**Task statement**:
When the line with "Unisex classic tee" appears below, start repeating lines exactly, and keep going through the line with "Keyhole Embellished Blazer"; add nothing outside that span.
________________________
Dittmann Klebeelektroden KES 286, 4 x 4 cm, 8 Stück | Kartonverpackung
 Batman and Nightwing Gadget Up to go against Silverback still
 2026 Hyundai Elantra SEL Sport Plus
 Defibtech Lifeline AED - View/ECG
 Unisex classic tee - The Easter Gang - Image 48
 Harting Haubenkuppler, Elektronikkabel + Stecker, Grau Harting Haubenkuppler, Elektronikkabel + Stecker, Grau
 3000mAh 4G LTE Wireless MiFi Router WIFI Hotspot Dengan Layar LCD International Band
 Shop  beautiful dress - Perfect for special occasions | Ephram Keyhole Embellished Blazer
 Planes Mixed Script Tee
________________________
**Final answer**:
 Unisex classic tee - The Easter Gang - Image 48
 Harting Haubenkuppler, Elektronikkabel + Stecker, Grau Harting Haubenkuppler, Elektronikkabel + Stecker, Grau
 3000mAh 4G LTE Wireless MiFi Router WIFI Hotspot Dengan Layar LCD International Band
 Shop  beautiful dress - Perfect for special occasions | Ephram Keyhole Embellished Blazer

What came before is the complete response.